Akreditasi perguruan tinggi adalah penilaian kelayakan program studi dan/atau satuan pendidikan tinggi berdasarkan kriteria yang telah ditetapkan untuk jaminan mutu kepada masyarakat. Pernyataan tersebut merupakan definisi akreditasi berdasarkan Peraturan Menteri Pendidikan Nasional Nomor 28 Tahun 2005. Termuat pula dalam peraturan tersebut bahwa akreditasi dilaksanakan oleh Badan Akreditasi Nasional Perguruan Tinggi (BAN-PT) yang beranggotakan ahli-ahli evaluasi pendidikan, kurikulum pendidikan tinggi, manajemen perguruan tinggi, dan perwakilan unsur masyarakat pendidik yang memiliki wawasan, pengalaman, dan komitmen untuk peningkatan mutu pendidikan. Penilaian akreditasi diarahkan pada tujuan ganda, yaitu menginformasikan kinerja perguruan tinggi kepada masyarakat dan mengemukakan langkah pembinaan yang perlu ditempuh oleh perguruan tinggi dan pemerintah, serta partisipasi masyarakat.

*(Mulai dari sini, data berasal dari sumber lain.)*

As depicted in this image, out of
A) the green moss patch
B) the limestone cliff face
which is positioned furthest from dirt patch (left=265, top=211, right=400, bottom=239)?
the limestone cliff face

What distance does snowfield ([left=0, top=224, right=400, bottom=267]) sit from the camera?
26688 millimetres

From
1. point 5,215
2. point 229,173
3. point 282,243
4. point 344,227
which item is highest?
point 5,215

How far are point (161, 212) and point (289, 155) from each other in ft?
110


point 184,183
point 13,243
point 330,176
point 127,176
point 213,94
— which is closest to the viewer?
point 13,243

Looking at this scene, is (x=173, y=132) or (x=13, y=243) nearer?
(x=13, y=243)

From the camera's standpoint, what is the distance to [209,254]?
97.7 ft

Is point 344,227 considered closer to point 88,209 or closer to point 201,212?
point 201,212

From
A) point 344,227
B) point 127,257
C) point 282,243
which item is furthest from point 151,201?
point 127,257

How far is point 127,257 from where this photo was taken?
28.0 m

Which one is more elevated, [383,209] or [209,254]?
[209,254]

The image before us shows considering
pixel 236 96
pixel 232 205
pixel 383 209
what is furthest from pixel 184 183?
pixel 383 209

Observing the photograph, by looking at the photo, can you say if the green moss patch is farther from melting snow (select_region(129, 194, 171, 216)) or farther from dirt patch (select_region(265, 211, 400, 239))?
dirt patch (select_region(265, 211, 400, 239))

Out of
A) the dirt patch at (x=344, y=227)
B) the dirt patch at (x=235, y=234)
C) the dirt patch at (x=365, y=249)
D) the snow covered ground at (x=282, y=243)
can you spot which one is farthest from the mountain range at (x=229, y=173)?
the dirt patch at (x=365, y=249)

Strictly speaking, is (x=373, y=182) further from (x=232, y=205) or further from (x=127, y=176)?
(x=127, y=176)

Berdasarkan pernyataan tersebut, akreditasi perguruan tinggi memang diselenggarakan dengan tujuan yang mulia. Hasil akreditasi perguruan tinggi dapat menjadi bahan pertimbangan bagi masyarakat dalam memilih dan memutuskan untuk bergabung dengan perguruan tinggi yang sesuai. Selama ini hasil akreditasi memang memegang peranan penting dalam kelangsungan perguruan tinggi. Sebagian besar perguruan tinggi dikenal dengan program studi (prodi) andalannya yang terakreditasi dengan hasil yang memuaskan. Prodi-prodi tersebut biasanya dibanjiri ribuan peminat atau calon mahasiswa yang harus bersaing ketat, saling mengungguli yang lain untuk dapat menjadi bagian dari prodi unggulan tersebut. Sementara itu, prodi-prodi yang belum terakreditasi dengan hasil yang baik selalu kelabakan mempertahankan izin penyelenggaraannya dengan jumlah mahasiswa yang sangat minim.

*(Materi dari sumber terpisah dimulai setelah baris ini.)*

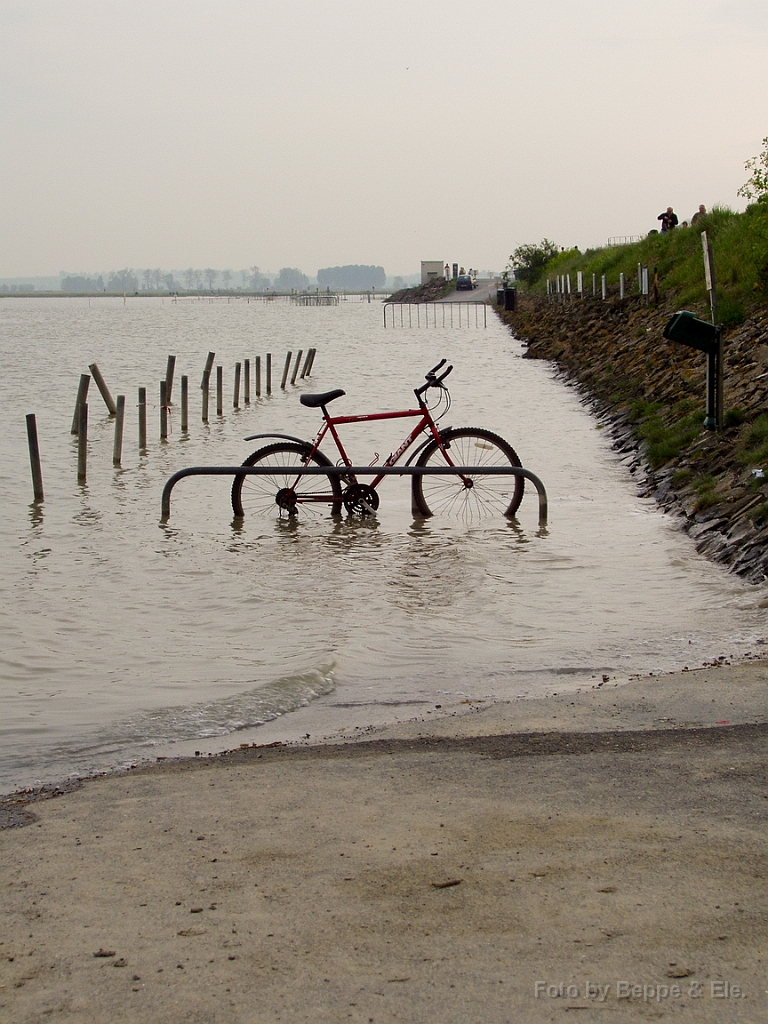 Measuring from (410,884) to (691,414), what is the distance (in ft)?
41.5

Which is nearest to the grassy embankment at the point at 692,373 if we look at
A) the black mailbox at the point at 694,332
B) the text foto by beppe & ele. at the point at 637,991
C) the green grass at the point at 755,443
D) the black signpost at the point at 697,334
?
the green grass at the point at 755,443

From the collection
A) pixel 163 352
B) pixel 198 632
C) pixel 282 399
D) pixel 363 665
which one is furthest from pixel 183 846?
pixel 163 352

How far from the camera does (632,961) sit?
2.96m

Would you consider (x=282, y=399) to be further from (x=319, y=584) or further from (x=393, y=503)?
(x=319, y=584)

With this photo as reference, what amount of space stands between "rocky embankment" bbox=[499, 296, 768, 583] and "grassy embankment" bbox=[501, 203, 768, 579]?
23 millimetres

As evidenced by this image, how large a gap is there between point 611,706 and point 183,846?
2438 mm

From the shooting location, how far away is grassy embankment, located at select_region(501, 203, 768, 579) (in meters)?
10.9

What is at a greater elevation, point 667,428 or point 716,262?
point 716,262

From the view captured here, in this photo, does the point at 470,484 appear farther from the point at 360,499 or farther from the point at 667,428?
the point at 667,428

Akreditasi memang salah satu jalan untuk mengetahui kualitas pendidikan sebuah prodi dalam perguruan tinggi. Dengan proses audit yang dilaksanakan oleh BAN-PT, masyarakat dapat menilai kelayakan sebuah perguruan tinggi. Adapun kriteria yang dijadikan dasar penilaian program studi dalam proses audit tersebut terdiri atas beberapa poin di antaranya kesesuaian penyelenggaraan prodi denga peraturan perundang-undangan, sarana dan prasarana, efisiensi penyelenggaraan prodi, produktivitas prodi, dan mutu lulusan. Bahkan juga memungkinkan sebuah perguruan tinggi menyiapkan data-data pendukung yang memuat informasi mengenai lokasi kerja alumni, prestasi prodi, penelitian yang telah dibuat, dan keberlanjutan studi dosen.
Meskipun telah dilaksanakan atas kriteria-kriteria yang telah ditentukan oleh para ahli yang berkredibilitas, proses audit akreditasi prodi dan/atau perguruan tinggi masih sering kali diragukan hasilnya. Hal itu disebabkan oleh terlalu singkatnya proses audit yang lebih banyak dilakukan melalui dialog di ruangan. Kecil kemungkinan dilakukan evaluasi secara mendalam melalui bukti-bukti fisik atau dokumentasi. Hal ini tentunya merupakan contoh kekurang akuratan hasil akreditasi oleh BAN-PT. Dengan demikian, hasil akreditasi belum seluruhnya mencerminkan peta kualitas perguruan tinggi di Indonesia.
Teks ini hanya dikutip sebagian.